Study material START
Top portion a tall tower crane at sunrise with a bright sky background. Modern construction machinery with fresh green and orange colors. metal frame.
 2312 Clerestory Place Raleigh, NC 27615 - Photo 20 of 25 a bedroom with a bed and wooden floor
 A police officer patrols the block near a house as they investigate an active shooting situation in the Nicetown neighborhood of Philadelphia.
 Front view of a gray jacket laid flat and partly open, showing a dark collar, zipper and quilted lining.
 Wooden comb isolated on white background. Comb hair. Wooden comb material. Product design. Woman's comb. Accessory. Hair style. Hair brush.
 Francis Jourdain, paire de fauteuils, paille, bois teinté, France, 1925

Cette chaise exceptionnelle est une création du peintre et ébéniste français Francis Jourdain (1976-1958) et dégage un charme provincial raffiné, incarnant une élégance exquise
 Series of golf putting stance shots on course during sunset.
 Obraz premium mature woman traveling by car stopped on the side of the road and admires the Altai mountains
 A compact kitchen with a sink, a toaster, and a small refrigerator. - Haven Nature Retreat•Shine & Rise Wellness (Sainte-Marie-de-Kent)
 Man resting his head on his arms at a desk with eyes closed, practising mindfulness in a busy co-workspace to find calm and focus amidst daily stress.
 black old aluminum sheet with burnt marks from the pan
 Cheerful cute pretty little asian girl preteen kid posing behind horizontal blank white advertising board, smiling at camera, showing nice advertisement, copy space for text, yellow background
Study material END
Task brief » Repeat the line that contains "A police officer", then every line after it until the records end, with nothing added.

Answer section »
 A police officer patrols the block near a house as they investigate an active shooting situation in the Nicetown neighborhood of Philadelphia.
 Front view of a gray jacket laid flat and partly open, showing a dark collar, zipper and quilted lining.
 Wooden comb isolated on white background. Comb hair. Wooden comb material. Product design. Woman's comb. Accessory. Hair style. Hair brush.
 Francis Jourdain, paire de fauteuils, paille, bois teinté, France, 1925

Cette chaise exceptionnelle est une création du peintre et ébéniste français Francis Jourdain (1976-1958) et dégage un charme provincial raffiné, incarnant une élégance exquise
 Series of golf putting stance shots on course during sunset.
 Obraz premium mature woman traveling by car stopped on the side of the road and admires the Altai mountains
 A compact kitchen with a sink, a toaster, and a small refrigerator. - Haven Nature Retreat•Shine & Rise Wellness (Sainte-Marie-de-Kent)
 Man resting his head on his arms at a desk with eyes closed, practising mindfulness in a busy co-workspace to find calm and focus amidst daily stress.
 black old aluminum sheet with burnt marks from the pan
 Cheerful cute pretty little asian girl preteen kid posing behind horizontal blank white advertising board, smiling at camera, showing nice advertisement, copy space for text, yellow background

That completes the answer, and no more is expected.